→ **Assignment**: Starting at the line below that contains "2007 Ford Mustang" and ending at the line that contains "Used Volkswagen Tiguan", retype each line exactly as it stands, but omit the pictures.

━━━ Stored data

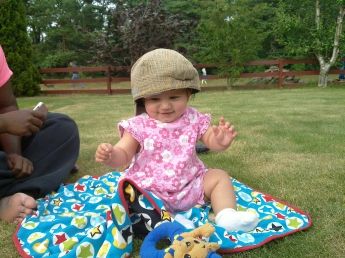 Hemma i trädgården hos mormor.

━━━━━━
━━━ Stored data

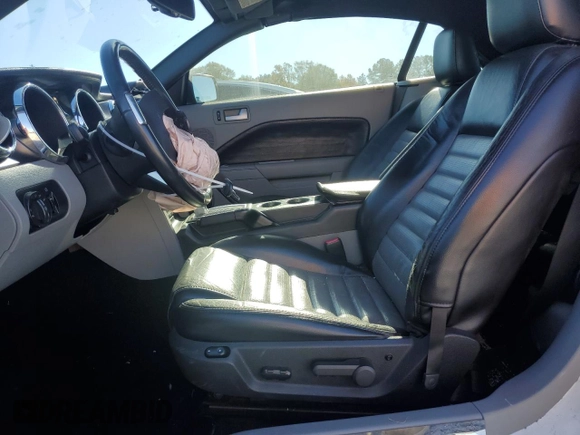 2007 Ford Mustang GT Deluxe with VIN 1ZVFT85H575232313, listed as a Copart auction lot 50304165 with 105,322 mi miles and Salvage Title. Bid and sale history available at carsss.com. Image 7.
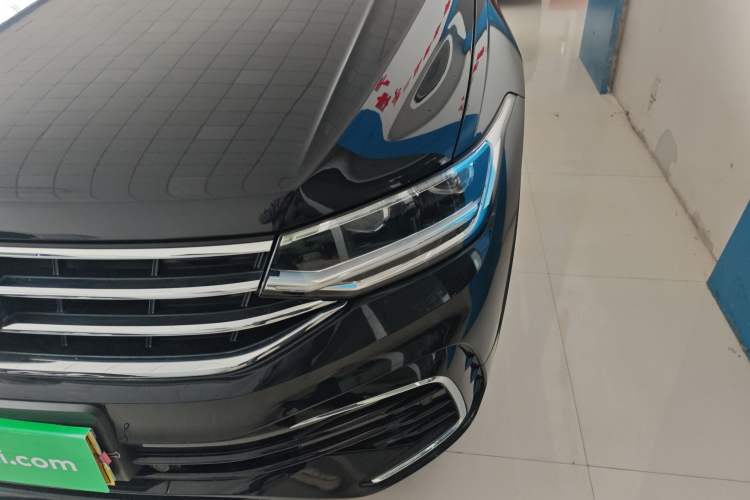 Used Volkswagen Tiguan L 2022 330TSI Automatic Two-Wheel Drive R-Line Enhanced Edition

━━━━━━

→ **Task solution**:
 2007 Ford Mustang GT Deluxe with VIN 1ZVFT85H575232313, listed as a Copart auction lot 50304165 with 105,322 mi miles and Salvage Title. Bid and sale history available at carsss.com. Image 7.
 Used Volkswagen Tiguan L 2022 330TSI Automatic Two-Wheel Drive R-Line Enhanced Edition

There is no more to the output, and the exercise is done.